Question: In Texas, the Earth's magnetic field is approximately uniform, and of magnitude $B=10^{-4}$T. The horizontal component of the field is directed northward. The field also has a vertical component which is directed into the ground. The angle the field lines dip below the horizontal is $40^\circ$. A metal bar of length $l=1.2$m carries a current of $I'=1.7$A. Suppose that the bar is held horizontally such that the current flows from East to West. What is the magnitude and direction of the magnetic force on the bar? Suppose that the direction of the current is reversed. What, now, is the magnitude and direction of the magnetic force on the bar? Suppose that the bar is held vertically such the current flows upward. What is the magnitude and direction of the magnetic force on the bar? Suppose, finally, that the direction of the current is reversed. What, now, is the magnitude and direction of the magnetic force on the bar?
 
Answer: If the current in the bar flows horizontally from East to West then the direction of the current makes an angle of $90^\circ$ with the direction of the magnetic field. So, from Eq. (152), the magnetic force per unit length acting on the bar is

$$F = I'\,B\,\sin 90^\circ = I'\,B = (1.7)\, (10^{-4})= 1.7\times 10^{-4}\,{\rm N\,m}^{-1}.$$

Thus, the total force acting on the bar is

$$f = F\,l = (1.7\times 10^{-4})\,(1.2) = 2.04\times 10^{-4}\,{\rm N}.$$

Using the right-hand rule, if the index finger of a right-hand points horizontally from East to West, and the middle finger points northward, but dips $40^\circ$ below the horizontal, then the thumb points southward, but dips $50^\circ$ below the horizontal. Thus, the force on the bar is directed southward, and dips $50^\circ$ below the horizontal. If the current in the bar is reversed, so that it now flows horizontally from West to East, then the angle subtended between the direction of current flow and the direction of the magnetic field is still $90^\circ$, so the magnitude of the force on the bar remains unchanged. According to the right-hand rule, if the index finger of a right-hand points horizontally from West to East, and the middle finger points northward, but dips $40^\circ$ below the horizontal, then the thumb points northward, but is directed $50^\circ$ above the horizontal. Thus, the force on the bar is directed northward at an angle of $50^\circ$ above the horizontal. In other words, the new force points in exactly the opposite direction to the old one.

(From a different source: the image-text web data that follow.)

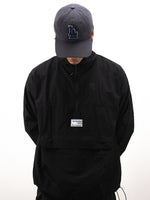 Windbreaker Big Pocket - Black, casaca cortaviento de INOPORTUNO. Foto 1 de 5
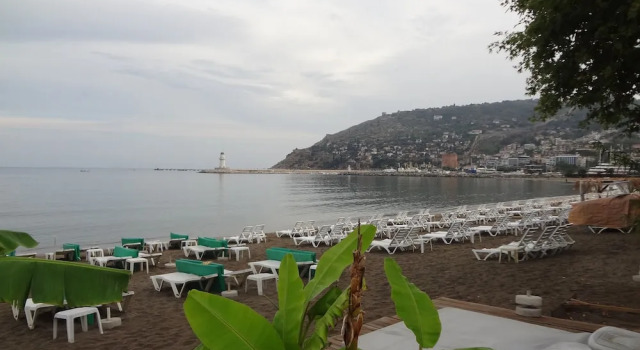 Четырёхместный семейный номер Standard с балконом Alanya City Hotel & Residence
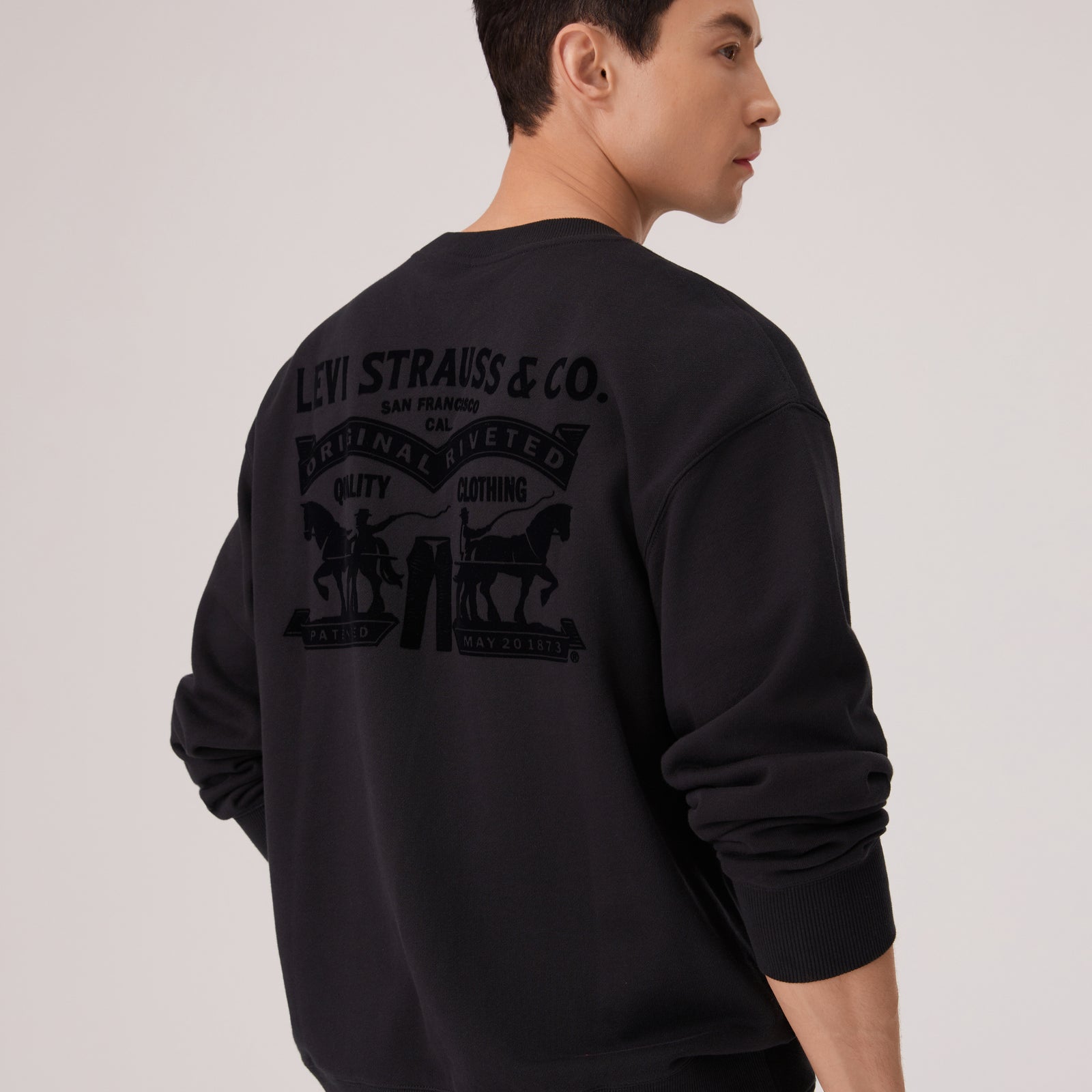 levi's® men's cny relaxed crew sweatshirt 006P50001XS- Black – Levi's Hong Kong
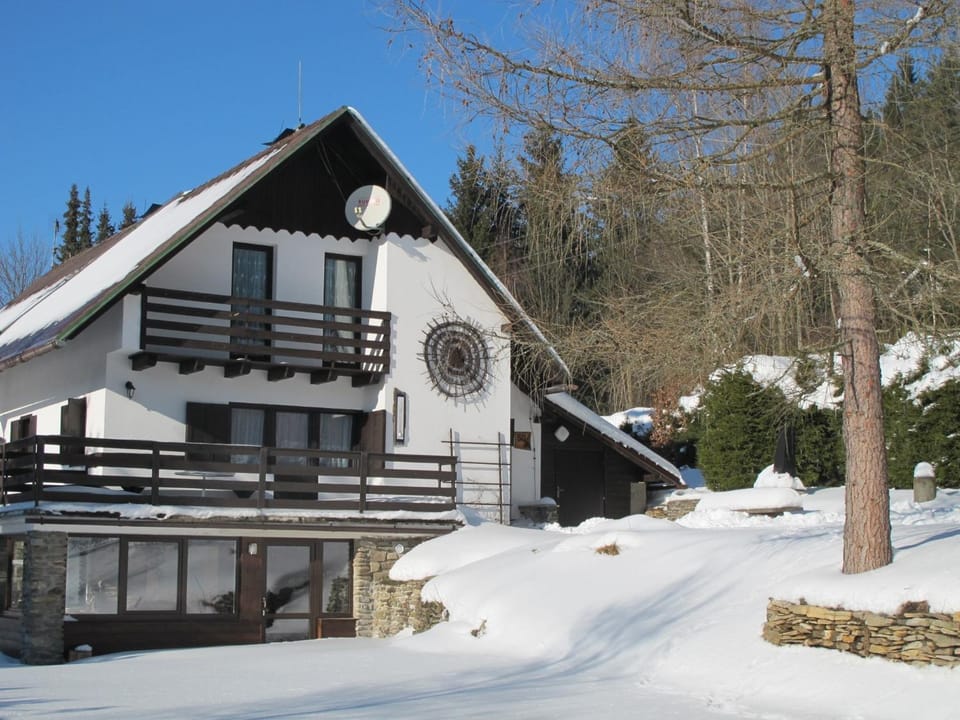 Property building, Winter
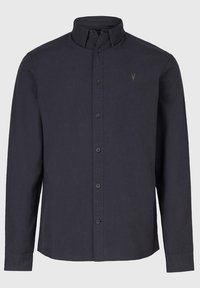 Tmavě modrá košile s dlouhým rukávem a límečkem, s malým vyšitým logem na levé straně hrudi a hladkou bavlněnou texturou.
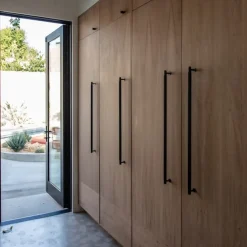 Closet Bar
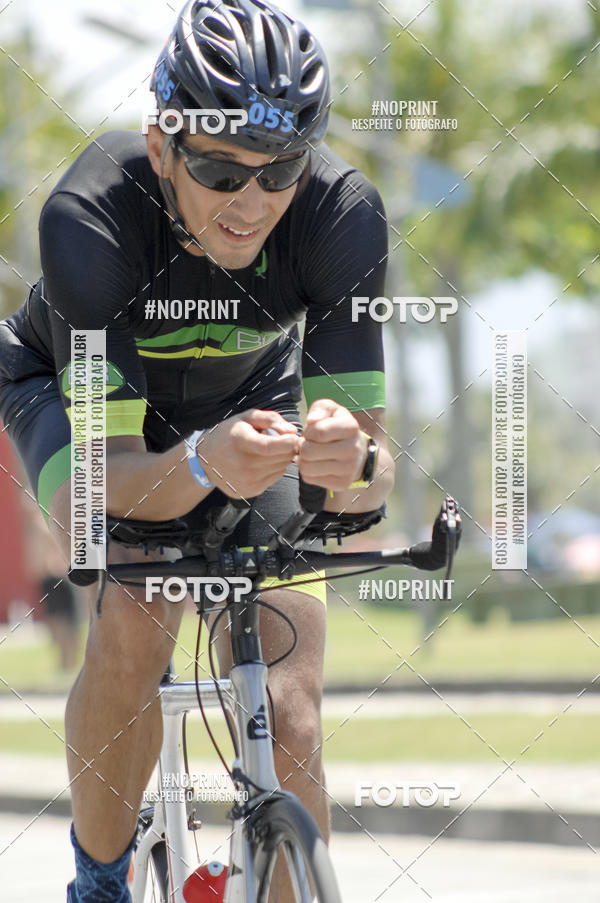 Buy your photos of the eventBLUE SERIES TRIATHLON BERTIOGA 2019 on Fotop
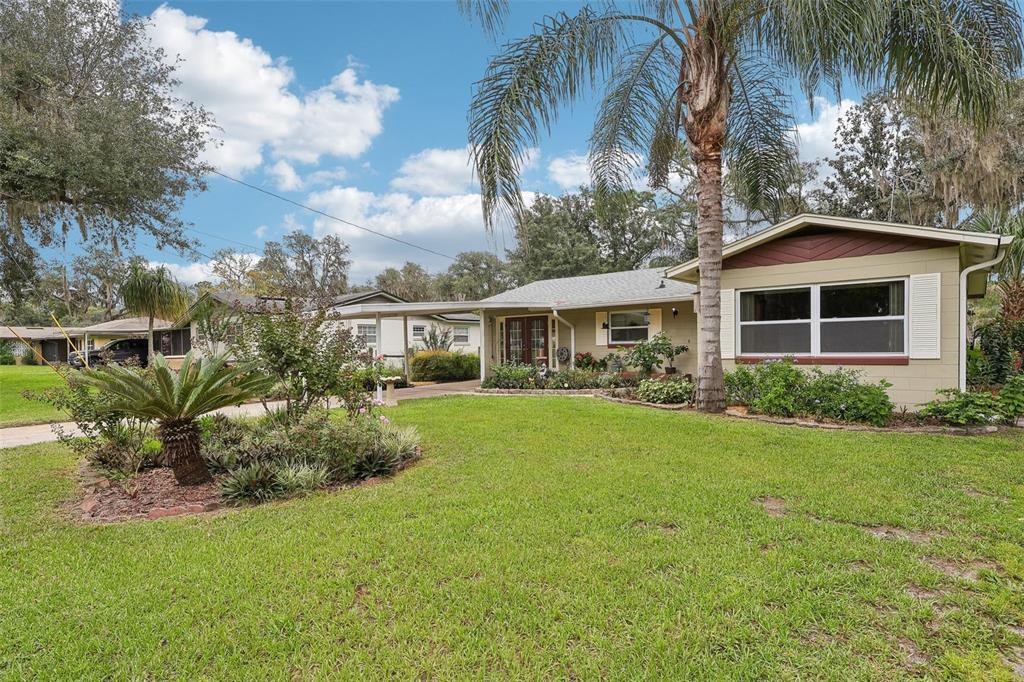Property for sale at 37350 OAK LANE, UMATILLA, FL, 32784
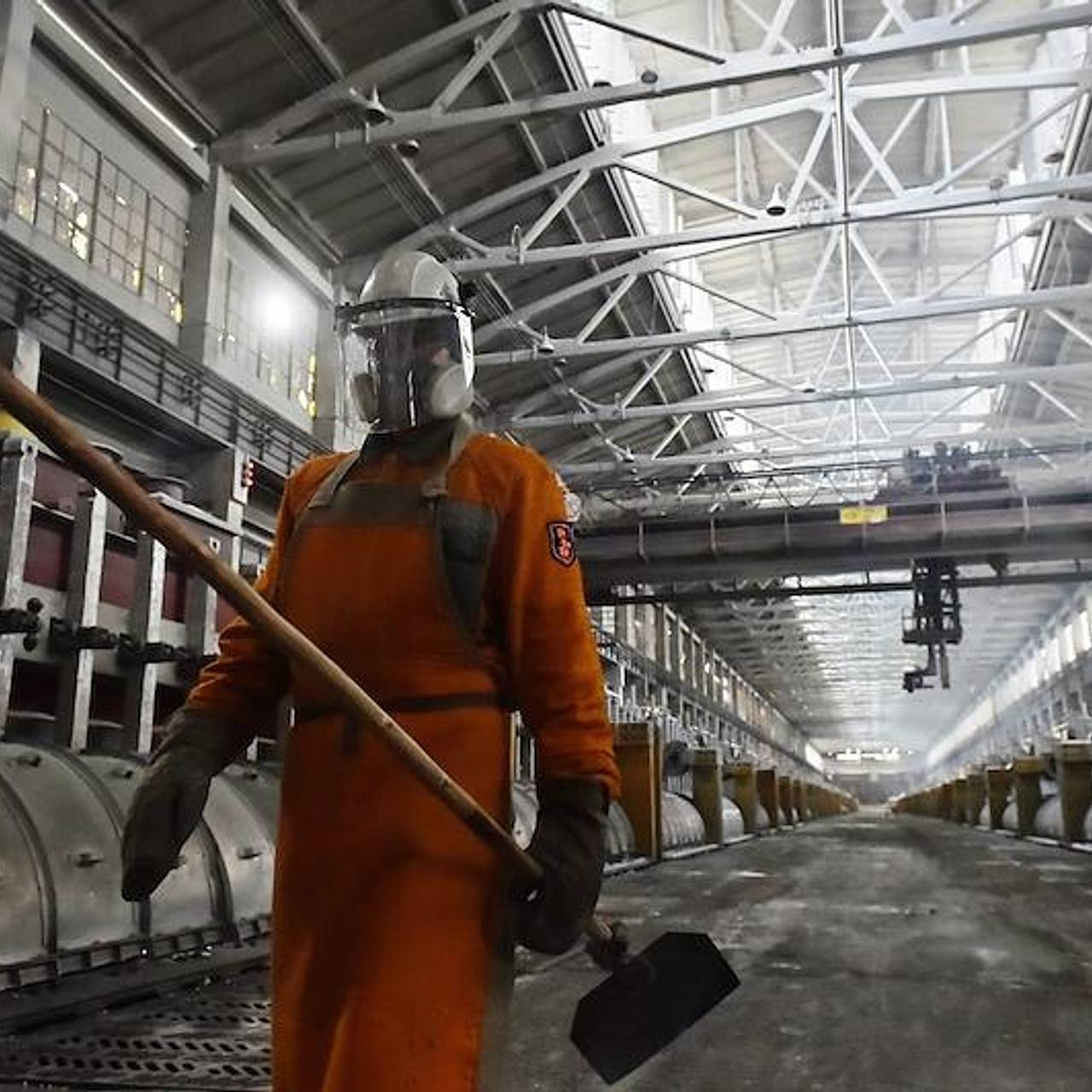 Россияне согласились уйти из офисов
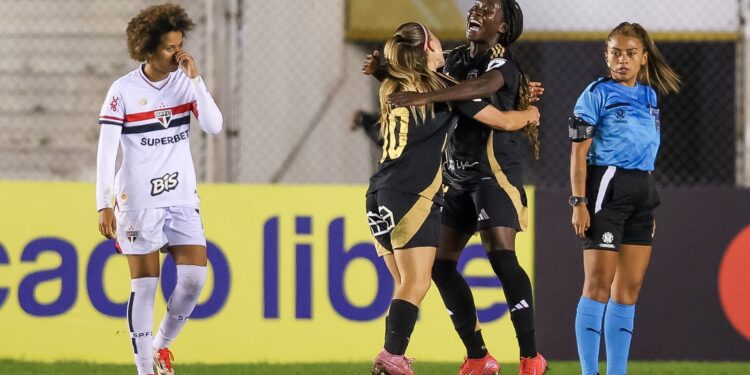 São Paulo tropeça e enfrenta dificuldades na Libertadores Feminina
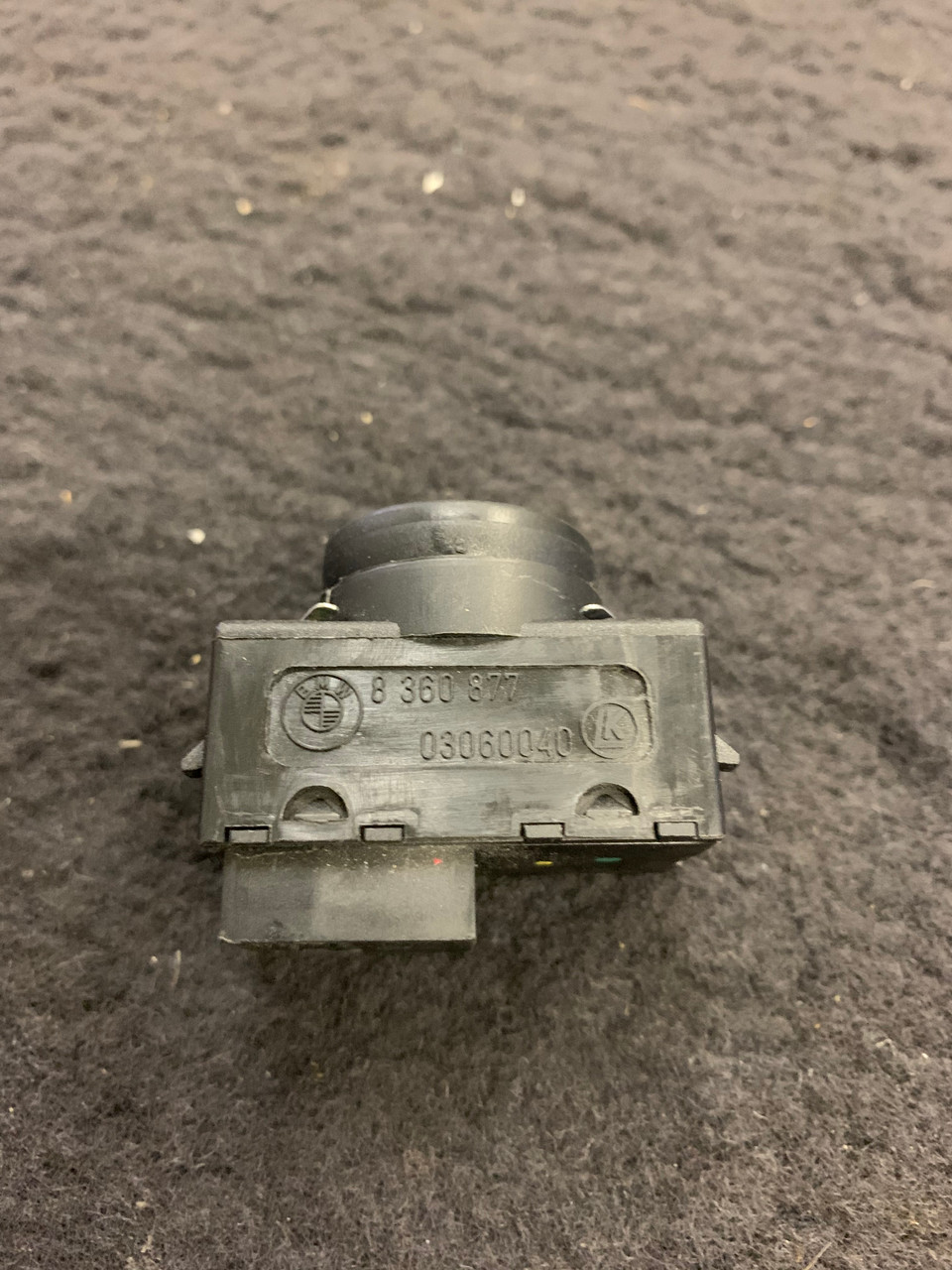 BMW E90 Lumbar Adjustment Switch 8360877 recycleBMWs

If the current in the bar flows vertically upward then the direction of current flow subtends an angle of $50^\circ$ degrees with the direction of the magnetic field. So, from Eq. (152), the magnetic force per unit length acting on the bar is

$$F = I'\,B\,\sin 50^\circ= (1.7)\, (10^{-4})\,(0.7660) = 1.30\times 10^{-4}\,{\rm N\,m}^{-1}.$$

Thus, the total force acting on the bar is

$$f = F\,l = (1.30\times 10^{-4})\,(1.2) = 1.56\times 10^{-4}\,{\rm N}.$$

Using the right-hand rule, if the index finger of a right-hand points vertically upward, and the middle finger points northward, but dips $40^\circ$ below the horizontal, then the thumb points horizontally westward. Thus, the force on the bar is directed horizontally westward. If the current in the bar is reversed, so that it flows vertically downward, then the force on the bar is of the same magnitude, but points in the opposite direction, which means that the new force points horizontally eastward.